It's a changing, technological world, with a changing job market, and in order to ensure our students are able to secure the newest jobs in the newest industries, Centennial College is constantly updating its curriculum with new programs based on the job market and technological trends. One of those new programs is Digital Engagement Strategy, focused on bringing marketing to the online sphere. This program was created to fill a need in the workforce, meaning there are jobs out there for trained graduates. To make this program relevant to the current marketplace, we assembled a team of experts. One of those advisors Christos Nikitopoulos, Head of Agency Development at Google, who helped shape the program into what it is. Here's where he came from, and the experience he (and Google) will bring to the program.
A lengthy career
"I worked for agencies, broadcasters and now a digital company," Christos says of his lengthy career. "I started way back in the agency side, after university, and I've worked with CBC, Rogers, Bell, Shaw, pretty much all the traditional broadcast publishers. Now I've moved into the digital side, and I've been with Google Canada for almost two years."
Part of his work in Agency Development is working on business relations between customers and agencies, as well as leading a sponsorship team that works to translate marketing ideas to the digital landscape. But another part of his job is education.
"Part of the group I lead here at Google is an education team," he says, "and we work with agencies on levelling up their skills and talents so they know how to use the tools, how to be better digital practitioners." That's where Centennial College came in.

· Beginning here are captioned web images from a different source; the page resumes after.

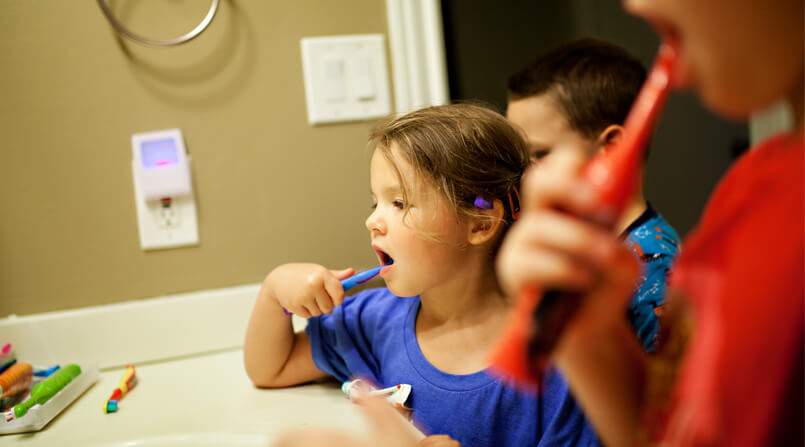 qual a quantidade de creme dental ideal para crianças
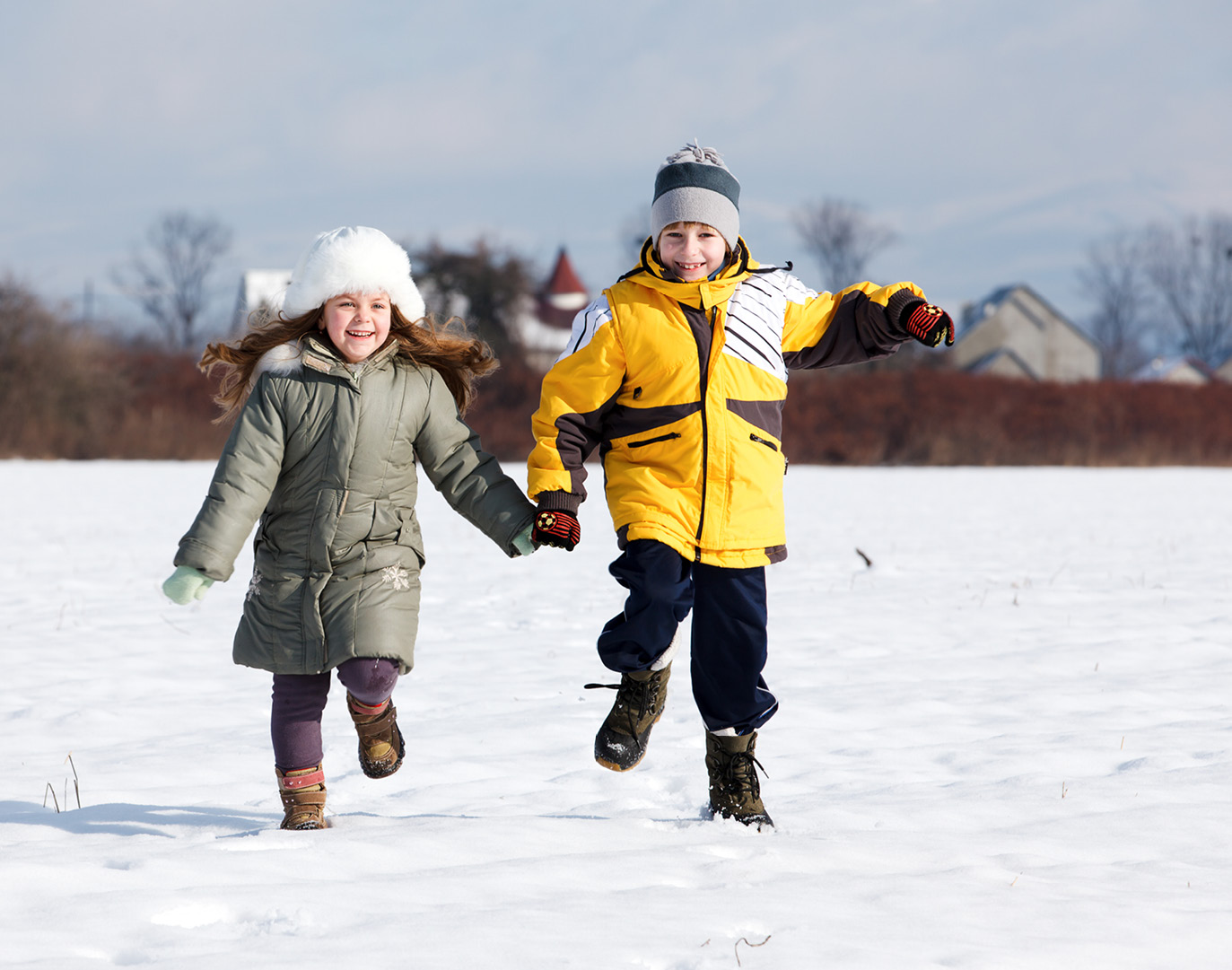Two children running in snowy field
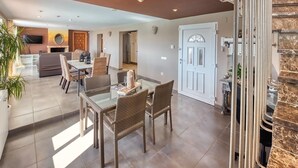 Un espacio habitable amplio con una mesa de comedor, sillas de mimbre, una chimenea y una cocina moderna al fondo.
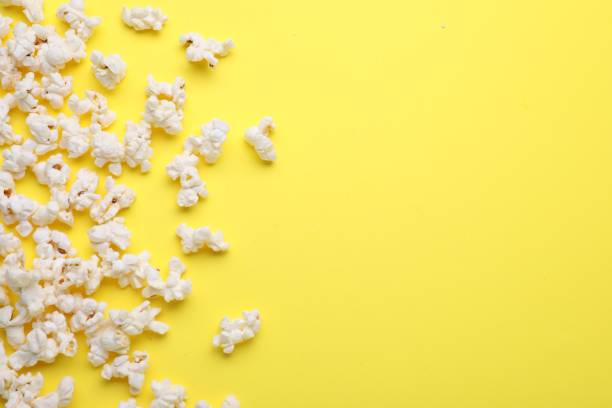 istock Tasty pop corn on yellow background, flat lay. Space for text 1791606368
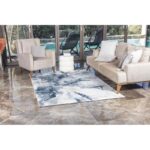 Salon moderne avec canapé, fauteuils et tapis design.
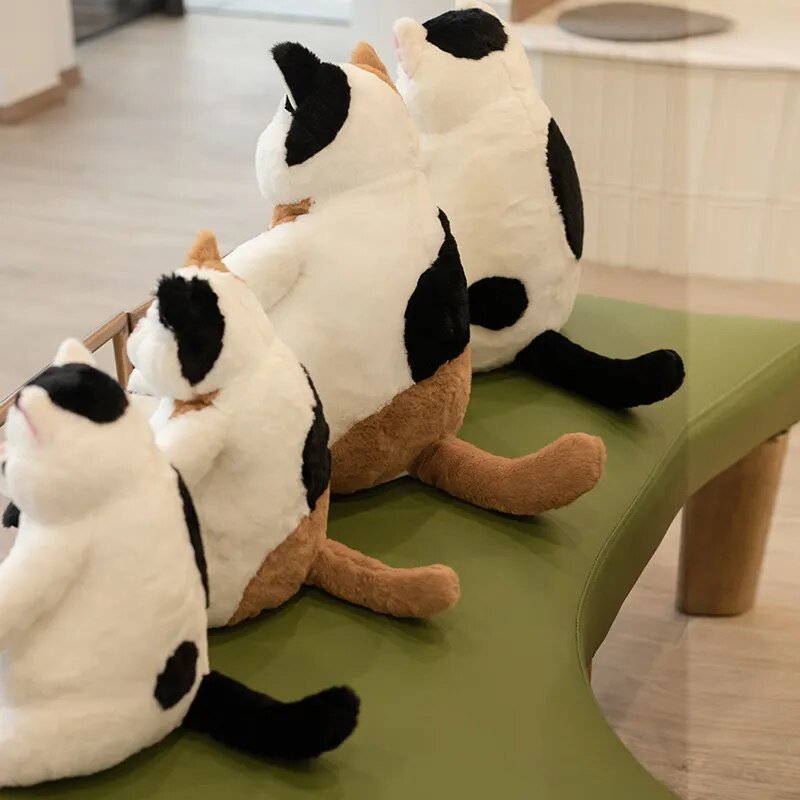 Plush toys resembling cats sitting on a green surface indoors.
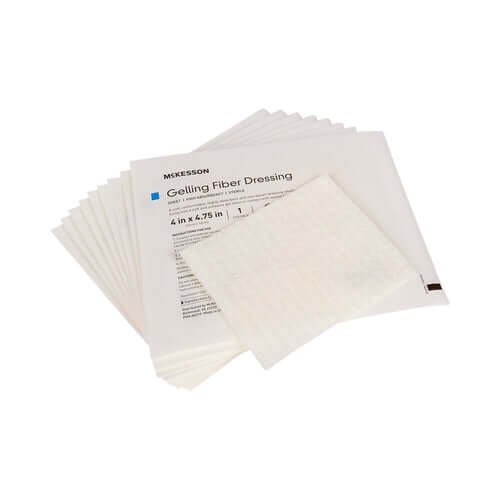 Gelling fiber wound dressings in individual sterile packaging, fanned out to show multiple units with one pad displayed in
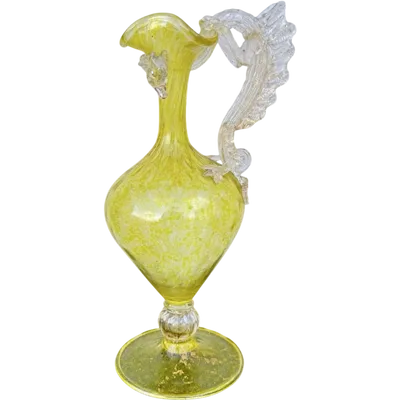 Balloton glass pitcher with a dragon-shaped handle and gold leaf inlay.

Teaming up with Centennial
Digital Engagement Strategy as a program exists to fix a skills gap, one that experts like Christos were noticing in the career field.
"We saw a gap in the new hires coming into the market, and how ready they were to be productive," Christos explains. "Their ramp-up took six to twelve months before they could really become productive digital marketers. So we reached out to a bunch of different post-secondary institutions and asked how we could help. At the same time, Centennial had reached out to us to see if we wanted to help be involved in their program. So it was kind of the meeting of the minds."
Because of this, Christos became involved in the Program Advisory Committee for Digital Engagement Strategy in order to help develop the program. "It was an easy marriage of where we saw fit, and where they were headed," Christos continues.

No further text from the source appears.